Diálogo denso y que encierra bien la abulia moderna, la soledad no buscada sino obligada. Giulanna pese a estar casada, tener un amante-al que en algún momento parece entender como el único que la comprende para después darse de bruces-, un hijo y una situación económica privilegiada, está extraviada en una vida tan carente de sentido como superficial. Rávana, su ciudad, conectada a todo el mundo, es una especie de torre de Babel para ella: comunicarse es una utopía.

 

Hay algo que sobrevuela en la película de Antonioni. “El desierto rojo” es parte de esa tetralogía tan bella como lacerante de la modernidad que hizo en la década de los sesentas: EL eclipse, La noche, Desierto Rojo y La Aventura. En esas cuatro películas, el director italiano bosqueja y luego explora la soledad del individuo en una sociedad entregada a esa idea maquinal del “progreso”- que luego hemos comprendido que era un eufemismo muy refinado-. Giulanna, también epitomiza los problemas de ser mujer en una sociedad industrializada que premia los valores machistas y es un primer acercamiento a la salud mental y su importancia. En un primer visionado, la película puede parecer algo inconexa, saltamos de una escena a otra, como viñetas superpuestas y sin embargo, todo en Antonioni tiene un sentido, un simbolismo.
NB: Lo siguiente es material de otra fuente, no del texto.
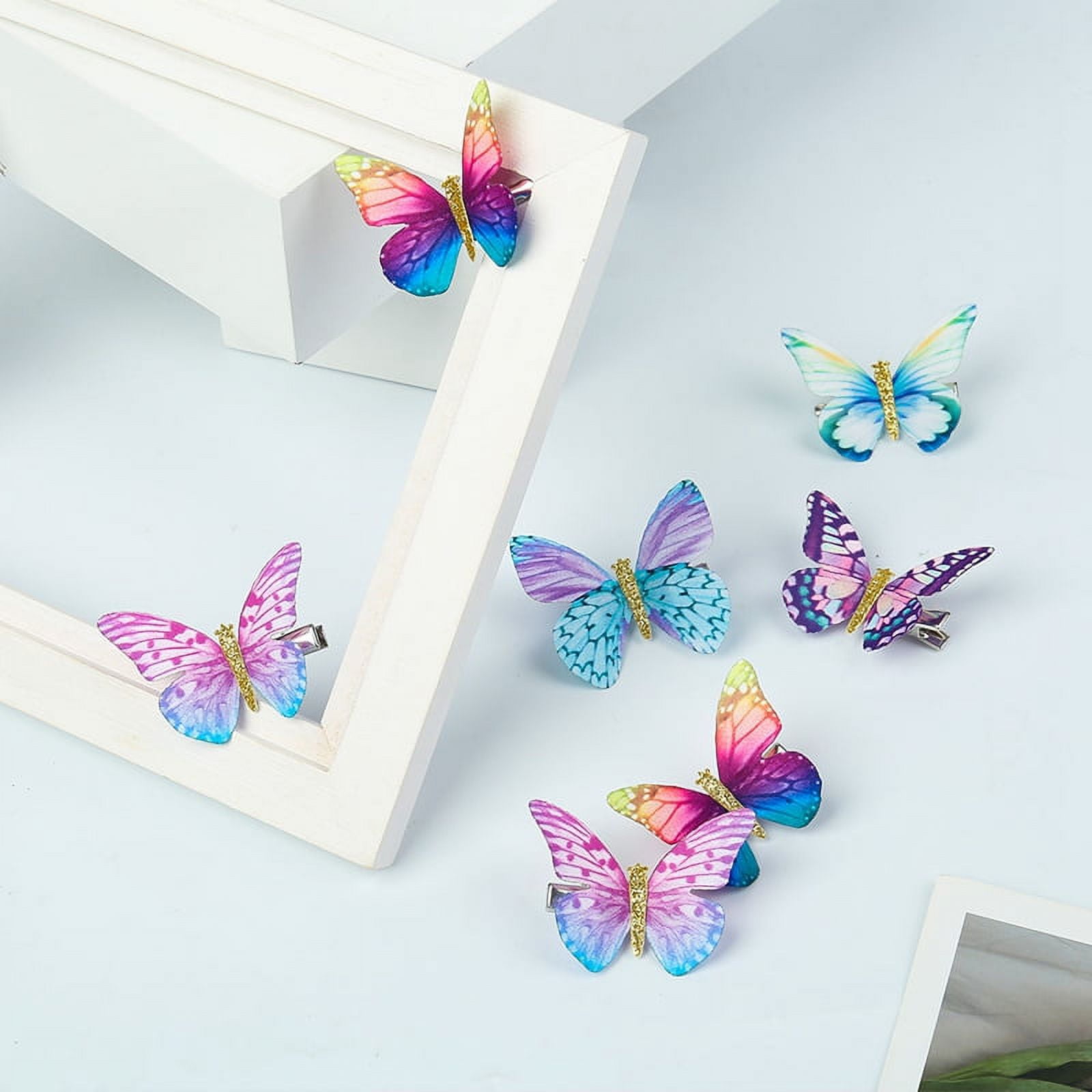 Qweryboo 18 Pcs Butterfly Hair Clips, Hair Snap Clips Barrettes for Baby Girls Hair Accessories (Fresh Styles)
Visualmente “El desierto rojo” es una maravilla moderna, un juego de interpretaciones que inicia desde el uso de los colores como metáfora del interior de Giulanna-colores fríos en su mayoría y luego el rojo, en aquella escena de sospecha sensual y sexual, pero que sigue montándose sobre los restos de lo que alguna vez fue una forma de comunicación.